_WHAT TO WORK ON_.
Using the entries below, show all lines with the string "Madagascar".

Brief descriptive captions
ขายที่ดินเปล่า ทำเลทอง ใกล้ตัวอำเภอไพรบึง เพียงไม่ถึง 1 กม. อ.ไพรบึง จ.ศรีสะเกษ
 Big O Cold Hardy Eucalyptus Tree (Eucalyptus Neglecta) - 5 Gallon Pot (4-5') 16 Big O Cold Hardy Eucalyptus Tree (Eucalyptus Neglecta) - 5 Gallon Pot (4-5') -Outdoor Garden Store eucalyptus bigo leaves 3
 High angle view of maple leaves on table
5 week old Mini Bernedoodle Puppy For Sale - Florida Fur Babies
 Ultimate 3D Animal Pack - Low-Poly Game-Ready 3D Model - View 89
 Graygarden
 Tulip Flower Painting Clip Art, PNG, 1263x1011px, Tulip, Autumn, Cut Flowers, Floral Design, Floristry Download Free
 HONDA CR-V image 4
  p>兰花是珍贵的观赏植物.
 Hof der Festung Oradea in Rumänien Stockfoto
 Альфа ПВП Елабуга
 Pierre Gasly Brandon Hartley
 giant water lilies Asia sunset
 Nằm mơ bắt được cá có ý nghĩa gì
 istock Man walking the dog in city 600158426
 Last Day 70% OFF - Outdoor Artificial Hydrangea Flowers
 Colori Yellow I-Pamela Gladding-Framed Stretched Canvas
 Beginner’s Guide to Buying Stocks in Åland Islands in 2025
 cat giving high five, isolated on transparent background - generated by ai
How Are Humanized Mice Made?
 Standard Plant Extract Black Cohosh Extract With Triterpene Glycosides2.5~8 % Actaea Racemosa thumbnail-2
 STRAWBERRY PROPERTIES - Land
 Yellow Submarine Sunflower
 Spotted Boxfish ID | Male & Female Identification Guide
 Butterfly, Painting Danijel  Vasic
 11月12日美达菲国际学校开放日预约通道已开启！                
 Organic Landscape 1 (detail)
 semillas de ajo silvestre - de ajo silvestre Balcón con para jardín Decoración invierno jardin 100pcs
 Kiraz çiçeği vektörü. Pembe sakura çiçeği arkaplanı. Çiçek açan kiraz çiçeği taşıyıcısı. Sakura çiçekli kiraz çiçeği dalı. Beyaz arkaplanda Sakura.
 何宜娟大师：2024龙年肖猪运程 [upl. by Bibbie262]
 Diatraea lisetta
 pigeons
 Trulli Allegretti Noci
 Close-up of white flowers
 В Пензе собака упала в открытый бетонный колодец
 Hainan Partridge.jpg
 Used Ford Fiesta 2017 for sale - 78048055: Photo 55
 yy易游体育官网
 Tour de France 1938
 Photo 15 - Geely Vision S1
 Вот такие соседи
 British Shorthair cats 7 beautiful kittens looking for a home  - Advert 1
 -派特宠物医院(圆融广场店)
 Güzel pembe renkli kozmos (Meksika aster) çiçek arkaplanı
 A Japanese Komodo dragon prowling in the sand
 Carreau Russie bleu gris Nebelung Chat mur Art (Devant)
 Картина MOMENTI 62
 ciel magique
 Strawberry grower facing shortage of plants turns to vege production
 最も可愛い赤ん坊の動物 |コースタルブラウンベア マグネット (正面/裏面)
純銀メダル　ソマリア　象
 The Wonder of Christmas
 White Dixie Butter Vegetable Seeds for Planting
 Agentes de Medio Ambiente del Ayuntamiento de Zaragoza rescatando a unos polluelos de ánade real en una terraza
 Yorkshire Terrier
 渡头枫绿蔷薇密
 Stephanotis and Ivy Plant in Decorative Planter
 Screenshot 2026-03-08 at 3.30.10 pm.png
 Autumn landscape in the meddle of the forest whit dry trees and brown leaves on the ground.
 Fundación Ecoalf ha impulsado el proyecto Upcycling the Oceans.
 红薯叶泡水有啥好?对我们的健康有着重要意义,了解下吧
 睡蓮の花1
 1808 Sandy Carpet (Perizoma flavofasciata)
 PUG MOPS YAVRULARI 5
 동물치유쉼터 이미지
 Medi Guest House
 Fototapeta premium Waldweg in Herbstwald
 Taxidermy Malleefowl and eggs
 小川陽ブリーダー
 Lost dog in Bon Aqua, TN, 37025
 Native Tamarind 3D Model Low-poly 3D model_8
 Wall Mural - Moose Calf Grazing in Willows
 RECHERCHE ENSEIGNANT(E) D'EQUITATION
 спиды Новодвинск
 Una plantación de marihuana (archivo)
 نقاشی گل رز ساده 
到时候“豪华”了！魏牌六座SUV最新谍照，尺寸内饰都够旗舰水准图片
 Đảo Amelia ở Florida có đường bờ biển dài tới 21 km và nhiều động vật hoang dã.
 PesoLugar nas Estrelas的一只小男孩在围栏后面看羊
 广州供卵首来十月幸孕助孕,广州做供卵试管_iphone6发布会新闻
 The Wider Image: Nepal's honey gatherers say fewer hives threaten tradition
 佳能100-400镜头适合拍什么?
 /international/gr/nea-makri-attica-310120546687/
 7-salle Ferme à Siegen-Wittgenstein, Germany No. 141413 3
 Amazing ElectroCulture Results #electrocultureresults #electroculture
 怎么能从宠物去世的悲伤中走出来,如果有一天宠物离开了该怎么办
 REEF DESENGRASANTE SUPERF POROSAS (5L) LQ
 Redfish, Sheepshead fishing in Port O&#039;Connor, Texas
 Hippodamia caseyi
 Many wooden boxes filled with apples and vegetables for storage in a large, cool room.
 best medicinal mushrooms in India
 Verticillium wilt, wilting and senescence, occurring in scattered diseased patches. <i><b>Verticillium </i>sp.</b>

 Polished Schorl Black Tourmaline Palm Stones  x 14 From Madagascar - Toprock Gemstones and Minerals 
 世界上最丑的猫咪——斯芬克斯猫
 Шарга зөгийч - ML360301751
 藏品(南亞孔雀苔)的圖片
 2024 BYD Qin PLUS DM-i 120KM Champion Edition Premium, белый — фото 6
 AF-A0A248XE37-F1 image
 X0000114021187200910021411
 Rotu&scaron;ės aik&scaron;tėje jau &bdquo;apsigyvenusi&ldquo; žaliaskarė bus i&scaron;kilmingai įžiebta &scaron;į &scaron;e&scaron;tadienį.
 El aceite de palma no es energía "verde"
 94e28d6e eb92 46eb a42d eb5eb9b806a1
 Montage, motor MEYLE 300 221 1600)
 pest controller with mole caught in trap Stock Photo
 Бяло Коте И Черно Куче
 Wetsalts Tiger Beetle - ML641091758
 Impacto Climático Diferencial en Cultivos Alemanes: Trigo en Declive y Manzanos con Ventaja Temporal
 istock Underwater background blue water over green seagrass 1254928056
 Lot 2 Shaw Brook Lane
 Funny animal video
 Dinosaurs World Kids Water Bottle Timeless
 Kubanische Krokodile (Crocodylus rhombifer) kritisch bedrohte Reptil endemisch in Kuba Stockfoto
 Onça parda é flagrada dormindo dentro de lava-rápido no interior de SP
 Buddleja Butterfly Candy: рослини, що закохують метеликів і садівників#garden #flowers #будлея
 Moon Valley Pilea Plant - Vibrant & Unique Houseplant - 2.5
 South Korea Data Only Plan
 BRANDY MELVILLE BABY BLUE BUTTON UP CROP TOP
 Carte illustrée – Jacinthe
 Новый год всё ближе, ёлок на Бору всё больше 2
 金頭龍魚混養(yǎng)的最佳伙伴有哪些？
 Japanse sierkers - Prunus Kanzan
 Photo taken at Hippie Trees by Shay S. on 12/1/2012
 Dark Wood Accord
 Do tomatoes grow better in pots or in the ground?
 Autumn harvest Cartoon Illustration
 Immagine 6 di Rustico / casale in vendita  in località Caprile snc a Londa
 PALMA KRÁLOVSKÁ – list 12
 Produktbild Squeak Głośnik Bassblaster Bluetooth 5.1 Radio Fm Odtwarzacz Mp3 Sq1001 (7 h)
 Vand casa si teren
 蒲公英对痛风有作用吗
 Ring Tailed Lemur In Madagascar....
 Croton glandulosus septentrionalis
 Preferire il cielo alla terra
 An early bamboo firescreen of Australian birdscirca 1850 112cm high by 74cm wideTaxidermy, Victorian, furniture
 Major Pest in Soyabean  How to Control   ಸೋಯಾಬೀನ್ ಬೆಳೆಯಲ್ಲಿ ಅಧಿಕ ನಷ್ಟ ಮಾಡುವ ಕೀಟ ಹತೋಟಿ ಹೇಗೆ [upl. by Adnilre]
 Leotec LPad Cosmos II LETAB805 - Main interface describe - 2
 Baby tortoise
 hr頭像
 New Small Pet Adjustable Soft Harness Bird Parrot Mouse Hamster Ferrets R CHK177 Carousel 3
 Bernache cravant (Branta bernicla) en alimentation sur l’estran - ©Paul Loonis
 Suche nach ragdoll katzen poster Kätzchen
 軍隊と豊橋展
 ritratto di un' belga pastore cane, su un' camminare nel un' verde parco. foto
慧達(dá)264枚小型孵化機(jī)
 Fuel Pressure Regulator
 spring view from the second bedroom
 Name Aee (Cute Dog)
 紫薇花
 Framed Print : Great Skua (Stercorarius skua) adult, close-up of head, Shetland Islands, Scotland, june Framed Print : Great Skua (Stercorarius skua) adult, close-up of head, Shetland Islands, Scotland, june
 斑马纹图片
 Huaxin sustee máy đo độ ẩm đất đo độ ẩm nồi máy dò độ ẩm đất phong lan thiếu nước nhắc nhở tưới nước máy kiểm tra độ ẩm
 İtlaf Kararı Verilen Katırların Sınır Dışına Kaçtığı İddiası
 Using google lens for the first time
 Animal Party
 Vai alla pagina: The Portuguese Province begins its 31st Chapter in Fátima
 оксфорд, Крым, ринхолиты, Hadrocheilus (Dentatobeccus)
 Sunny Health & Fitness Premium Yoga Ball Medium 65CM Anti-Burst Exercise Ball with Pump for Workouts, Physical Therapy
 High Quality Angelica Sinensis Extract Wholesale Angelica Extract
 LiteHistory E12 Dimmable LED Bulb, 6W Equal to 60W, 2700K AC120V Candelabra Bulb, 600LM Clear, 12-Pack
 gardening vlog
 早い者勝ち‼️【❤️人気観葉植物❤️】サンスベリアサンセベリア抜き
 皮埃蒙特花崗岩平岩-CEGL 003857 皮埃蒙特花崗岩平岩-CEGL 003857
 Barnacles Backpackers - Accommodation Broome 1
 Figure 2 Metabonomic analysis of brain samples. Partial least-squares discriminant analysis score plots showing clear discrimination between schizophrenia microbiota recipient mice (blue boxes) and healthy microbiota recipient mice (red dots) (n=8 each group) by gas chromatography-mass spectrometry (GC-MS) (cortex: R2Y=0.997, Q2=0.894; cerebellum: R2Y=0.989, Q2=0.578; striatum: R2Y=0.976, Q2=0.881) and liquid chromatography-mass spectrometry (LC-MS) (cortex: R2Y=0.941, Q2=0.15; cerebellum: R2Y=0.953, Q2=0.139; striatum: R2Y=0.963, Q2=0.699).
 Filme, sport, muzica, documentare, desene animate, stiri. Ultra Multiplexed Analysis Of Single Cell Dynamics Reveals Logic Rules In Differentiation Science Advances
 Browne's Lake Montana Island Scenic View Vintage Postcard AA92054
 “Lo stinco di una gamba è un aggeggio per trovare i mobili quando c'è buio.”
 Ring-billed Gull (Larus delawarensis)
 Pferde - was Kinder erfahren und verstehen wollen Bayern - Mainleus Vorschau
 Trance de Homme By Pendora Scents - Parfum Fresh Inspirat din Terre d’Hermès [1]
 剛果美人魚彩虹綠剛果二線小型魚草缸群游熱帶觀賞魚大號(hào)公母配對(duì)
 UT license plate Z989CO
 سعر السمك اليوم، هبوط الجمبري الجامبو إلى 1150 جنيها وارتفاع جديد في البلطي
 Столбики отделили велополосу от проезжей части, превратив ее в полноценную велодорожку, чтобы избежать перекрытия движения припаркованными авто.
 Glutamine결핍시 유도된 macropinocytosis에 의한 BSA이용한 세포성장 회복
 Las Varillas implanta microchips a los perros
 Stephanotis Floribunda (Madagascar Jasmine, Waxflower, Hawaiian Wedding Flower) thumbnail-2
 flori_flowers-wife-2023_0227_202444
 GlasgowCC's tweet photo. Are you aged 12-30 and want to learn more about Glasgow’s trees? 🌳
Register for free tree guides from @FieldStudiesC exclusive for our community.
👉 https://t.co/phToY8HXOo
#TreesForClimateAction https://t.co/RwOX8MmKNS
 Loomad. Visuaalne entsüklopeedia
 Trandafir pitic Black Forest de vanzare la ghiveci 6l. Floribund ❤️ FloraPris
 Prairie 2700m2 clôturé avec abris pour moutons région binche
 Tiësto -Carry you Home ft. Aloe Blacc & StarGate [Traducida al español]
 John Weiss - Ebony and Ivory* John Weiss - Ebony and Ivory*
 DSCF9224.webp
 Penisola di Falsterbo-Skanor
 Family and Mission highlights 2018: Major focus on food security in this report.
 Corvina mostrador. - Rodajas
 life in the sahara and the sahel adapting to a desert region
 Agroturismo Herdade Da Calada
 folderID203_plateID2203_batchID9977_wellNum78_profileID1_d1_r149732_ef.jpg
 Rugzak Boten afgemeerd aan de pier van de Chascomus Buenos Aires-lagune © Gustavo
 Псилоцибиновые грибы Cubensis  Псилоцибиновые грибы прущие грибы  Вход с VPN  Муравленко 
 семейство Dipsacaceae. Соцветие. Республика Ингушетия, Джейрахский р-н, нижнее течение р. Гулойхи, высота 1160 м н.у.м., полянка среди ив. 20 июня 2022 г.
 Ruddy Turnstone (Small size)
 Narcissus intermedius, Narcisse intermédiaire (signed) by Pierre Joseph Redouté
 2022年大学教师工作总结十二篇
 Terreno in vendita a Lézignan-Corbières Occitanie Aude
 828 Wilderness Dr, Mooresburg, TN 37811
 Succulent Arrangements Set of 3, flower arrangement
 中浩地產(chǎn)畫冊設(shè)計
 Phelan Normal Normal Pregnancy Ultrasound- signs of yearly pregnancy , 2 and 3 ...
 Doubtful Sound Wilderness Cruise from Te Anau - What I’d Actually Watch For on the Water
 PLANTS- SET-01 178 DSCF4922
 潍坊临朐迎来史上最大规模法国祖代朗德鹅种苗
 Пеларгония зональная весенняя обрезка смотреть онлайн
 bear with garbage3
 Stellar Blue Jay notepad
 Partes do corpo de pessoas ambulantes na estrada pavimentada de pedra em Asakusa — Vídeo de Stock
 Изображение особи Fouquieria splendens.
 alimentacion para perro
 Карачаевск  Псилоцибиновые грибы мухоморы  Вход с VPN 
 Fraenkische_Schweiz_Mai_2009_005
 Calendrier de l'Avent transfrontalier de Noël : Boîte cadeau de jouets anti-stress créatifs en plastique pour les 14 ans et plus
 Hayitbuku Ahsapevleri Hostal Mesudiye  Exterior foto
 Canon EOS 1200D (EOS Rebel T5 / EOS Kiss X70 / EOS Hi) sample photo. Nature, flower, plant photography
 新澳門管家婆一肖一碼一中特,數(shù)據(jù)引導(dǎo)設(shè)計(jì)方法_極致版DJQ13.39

_SOLUTION TO THE PROBLEM_.
 Polished Schorl Black Tourmaline Palm Stones  x 14 From Madagascar - Toprock Gemstones and Minerals 
 Ring Tailed Lemur In Madagascar....
 Stephanotis Floribunda (Madagascar Jasmine, Waxflower, Hawaiian Wedding Flower) thumbnail-2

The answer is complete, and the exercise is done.